Digo todo lo anterior porque yo sí la conozco y sé que, por encima de sus candelazos temperamentales, flotan los pliegues de un alma magnánima y consistente, la que no le reconocen los que dicen, de modo irresponsable, que sus mediaciones para liberar secuestrados son mandados que les hace a las Farc y a los comunistas. Con tamaña ligereza califican la sinceridad de alguien que acopla su conducta a sus ideas, exponiendo la carne y los huesos en sus frecuentes viajes a la selva y a los campamentos guerrilleros.
El escogimiento de Córdoba por parte de Álvaro Uribe y Juan Manuel Santos para confiarle la misión oficial de recibir plagiados, es una forma de admitir y aprovechar la utilidad de sus convicciones liberales, sin la temeridad de satanizarlas. En eso, ambos presidentes trascendieron la mezquindad de sus seguidores para juzgar la labor de La Negra. Poco les ha importado el clasismo discriminatorio de una élite que ni siquiera aprende de sus propios errores.
Pero Piedad Córdoba se ríe de la truculencia con que la tratan en los chocolates de sociedad y en los concilios de sotanas, merced a la libertad e independencia que le otorgan el desarrollo y la urgencia de sus razones, el “incitatus” de los motivos que la inspiran. Ella es consciente de que, sin alardear de heroína ni sentirse el signo femenino del mesianismo, su tarea emerge de los afanes de un orden social en el cual es indispensable revivir el respeto a la vida del individuo y la lealtad a la raza humana.
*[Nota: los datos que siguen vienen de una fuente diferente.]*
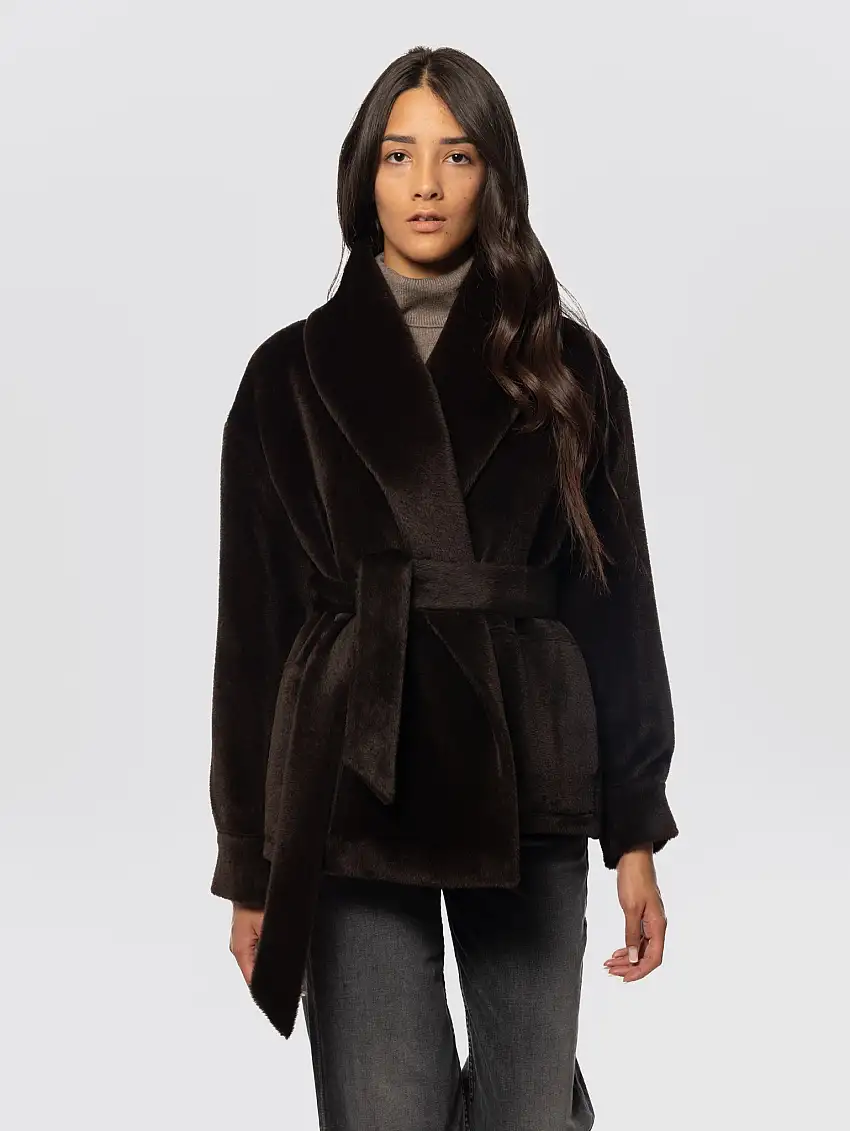 Giaccone con Cintura in Alpaca e Lana Marrone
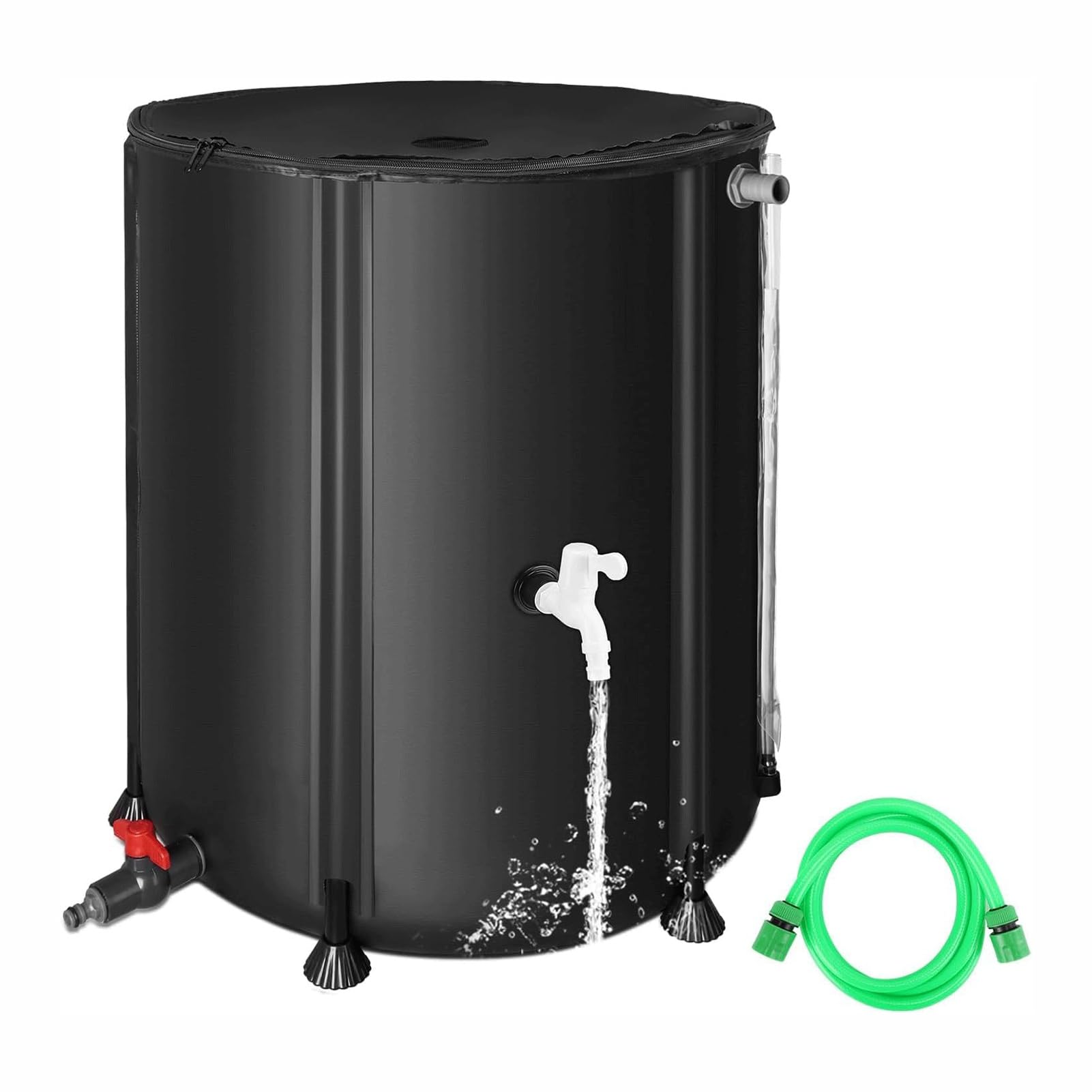 Barril de lluvia plegable de PVC para recoger el agua de lluvia del canalón, contenedor de almacenamiento de agua portátil plegable con espiga de manguera, colector de agua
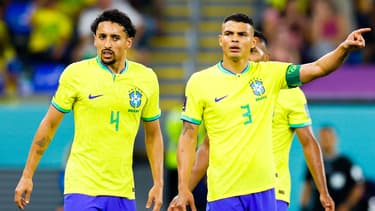 Marquinhos et Thiago Silva lors de Brésil-Suisse au Mondial 2022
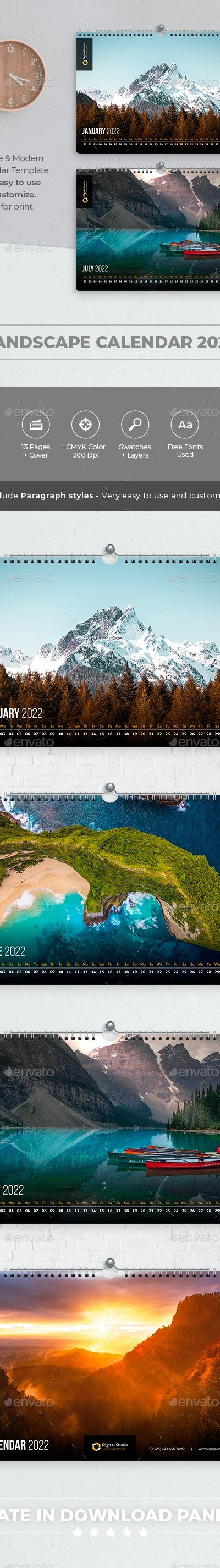 Landscape Calendar 2022 By Bourjart Graphicriver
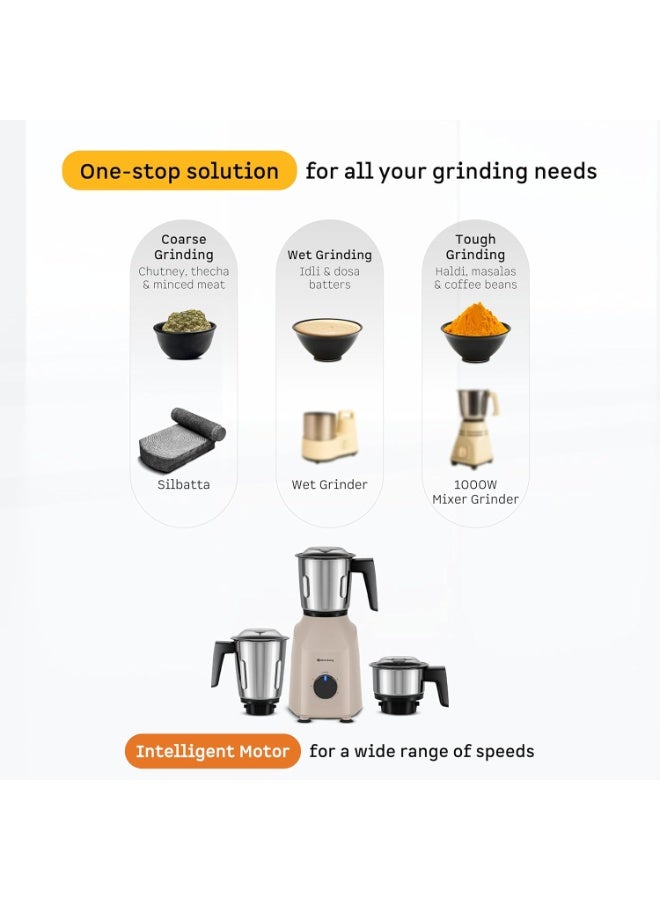 Atomberg Xiana 750 Watt Mixer Grinder | 3 Multipurpose Stainless Steel Jars | Coarse Mode for Silbatta-like Textures | Powerful Intelligent Motor | Easy Fault LED Indication | Seasand Ivory - Image 4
Los compatriotas que observan con imparcialidad los procesos de liberación de secuestrados, y que son bastantes pero que hablan bajito, aprueban la pertinacia de Piedad por apersonar, con paciencia y sindéresis, el propósito que animó a Colombianos y Colombianas por la Paz, el grupo que la respalda. Y la valoran porque distinguen entre los matices emocionales que puedan tener las ideas de Córdoba y la estructura de su carácter, torneado por el peso y la sustancia de su personalidad. Los resultados hasta ahora vistos, en tres años de esfuerzos y tensiones, de idas y venidas de la incertidumbre a la zozobra, son el mejor testimonio de que no peca de militante peligrosa.
Vivamos para verlo. Si algún día las Farc renuncian a ponerle otra vez conejo al Estado en un eventual diálogo de paz, se lo deberemos, en buena medida, a la fe de Piedad en su patrón de valores y en el trazado de una línea maestra para la solución política del conflicto.